Problem details
The answer must be an exact reproduction of all the entries.

BEGIN Data listing

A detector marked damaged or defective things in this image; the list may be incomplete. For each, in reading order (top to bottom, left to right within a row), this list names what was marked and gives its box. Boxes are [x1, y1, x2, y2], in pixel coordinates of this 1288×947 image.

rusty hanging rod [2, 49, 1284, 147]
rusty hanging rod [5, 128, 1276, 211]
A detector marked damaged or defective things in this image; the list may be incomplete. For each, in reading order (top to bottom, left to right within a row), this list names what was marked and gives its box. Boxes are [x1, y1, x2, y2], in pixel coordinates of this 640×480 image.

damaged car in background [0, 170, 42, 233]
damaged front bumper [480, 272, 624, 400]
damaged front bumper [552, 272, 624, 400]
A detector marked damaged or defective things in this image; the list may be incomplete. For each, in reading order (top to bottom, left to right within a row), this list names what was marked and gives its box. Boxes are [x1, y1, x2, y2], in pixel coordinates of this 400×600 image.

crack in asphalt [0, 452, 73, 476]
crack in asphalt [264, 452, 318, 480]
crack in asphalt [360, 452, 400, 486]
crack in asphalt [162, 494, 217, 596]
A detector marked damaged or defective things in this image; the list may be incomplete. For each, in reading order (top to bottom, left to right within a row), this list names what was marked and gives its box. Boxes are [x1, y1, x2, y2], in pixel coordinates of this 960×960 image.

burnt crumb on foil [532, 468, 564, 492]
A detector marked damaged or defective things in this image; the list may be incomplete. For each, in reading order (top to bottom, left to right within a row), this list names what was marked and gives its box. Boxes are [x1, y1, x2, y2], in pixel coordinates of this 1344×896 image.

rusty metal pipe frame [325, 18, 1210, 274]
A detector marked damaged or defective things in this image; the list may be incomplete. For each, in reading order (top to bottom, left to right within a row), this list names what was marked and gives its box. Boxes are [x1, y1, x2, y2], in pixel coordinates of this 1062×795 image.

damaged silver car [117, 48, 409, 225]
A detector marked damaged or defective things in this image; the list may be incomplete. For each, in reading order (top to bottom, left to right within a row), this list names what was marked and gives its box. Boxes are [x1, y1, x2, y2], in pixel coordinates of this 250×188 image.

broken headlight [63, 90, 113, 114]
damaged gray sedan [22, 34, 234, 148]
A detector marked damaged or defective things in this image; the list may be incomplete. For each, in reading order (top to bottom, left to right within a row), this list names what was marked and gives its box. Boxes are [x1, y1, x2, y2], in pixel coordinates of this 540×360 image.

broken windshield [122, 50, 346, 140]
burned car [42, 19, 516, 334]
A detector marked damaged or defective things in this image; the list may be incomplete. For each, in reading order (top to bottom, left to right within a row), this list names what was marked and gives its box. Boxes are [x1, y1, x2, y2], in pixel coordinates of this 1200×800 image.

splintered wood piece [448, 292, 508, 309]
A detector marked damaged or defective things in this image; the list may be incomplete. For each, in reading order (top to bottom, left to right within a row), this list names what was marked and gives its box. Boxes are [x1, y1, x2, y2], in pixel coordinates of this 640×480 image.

END Data listing

Exercise output
A detector marked damaged or defective things in this image; the list may be incomplete. For each, in reading order (top to bottom, left to right within a row), this list names what was marked and gives its box. Boxes are [x1, y1, x2, y2], in pixel coordinates of this 1288×947 image.

rusty hanging rod [2, 49, 1284, 147]
rusty hanging rod [5, 128, 1276, 211]
A detector marked damaged or defective things in this image; the list may be incomplete. For each, in reading order (top to bottom, left to right within a row), this list names what was marked and gives its box. Boxes are [x1, y1, x2, y2], in pixel coordinates of this 640×480 image.

damaged car in background [0, 170, 42, 233]
damaged front bumper [480, 272, 624, 400]
damaged front bumper [552, 272, 624, 400]
A detector marked damaged or defective things in this image; the list may be incomplete. For each, in reading order (top to bottom, left to right within a row), this list names what was marked and gives its box. Boxes are [x1, y1, x2, y2], in pixel coordinates of this 400×600 image.

crack in asphalt [0, 452, 73, 476]
crack in asphalt [264, 452, 318, 480]
crack in asphalt [360, 452, 400, 486]
crack in asphalt [162, 494, 217, 596]
A detector marked damaged or defective things in this image; the list may be incomplete. For each, in reading order (top to bottom, left to right within a row), this list names what was marked and gives its box. Boxes are [x1, y1, x2, y2], in pixel coordinates of this 960×960 image.

burnt crumb on foil [532, 468, 564, 492]
A detector marked damaged or defective things in this image; the list may be incomplete. For each, in reading order (top to bottom, left to right within a row), this list names what was marked and gives its box. Boxes are [x1, y1, x2, y2], in pixel coordinates of this 1344×896 image.

rusty metal pipe frame [325, 18, 1210, 274]
A detector marked damaged or defective things in this image; the list may be incomplete. For each, in reading order (top to bottom, left to right within a row), this list names what was marked and gives its box. Boxes are [x1, y1, x2, y2], in pixel coordinates of this 1062×795 image.

damaged silver car [117, 48, 409, 225]
A detector marked damaged or defective things in this image; the list may be incomplete. For each, in reading order (top to bottom, left to right within a row), this list names what was marked and gives its box. Boxes are [x1, y1, x2, y2], in pixel coordinates of this 250×188 image.

broken headlight [63, 90, 113, 114]
damaged gray sedan [22, 34, 234, 148]
A detector marked damaged or defective things in this image; the list may be incomplete. For each, in reading order (top to bottom, left to right within a row), this list names what was marked and gives its box. Boxes are [x1, y1, x2, y2], in pixel coordinates of this 540×360 image.

broken windshield [122, 50, 346, 140]
burned car [42, 19, 516, 334]
A detector marked damaged or defective things in this image; the list may be incomplete. For each, in reading order (top to bottom, left to right within a row), this list names what was marked and gives its box. Boxes are [x1, y1, x2, y2], in pixel coordinates of this 1200×800 image.

splintered wood piece [448, 292, 508, 309]
A detector marked damaged or defective things in this image; the list may be incomplete. For each, in reading order (top to bottom, left to right within a row), this list names what was marked and gives its box. Boxes are [x1, y1, x2, y2], in pixel coordinates of this 640×480 image.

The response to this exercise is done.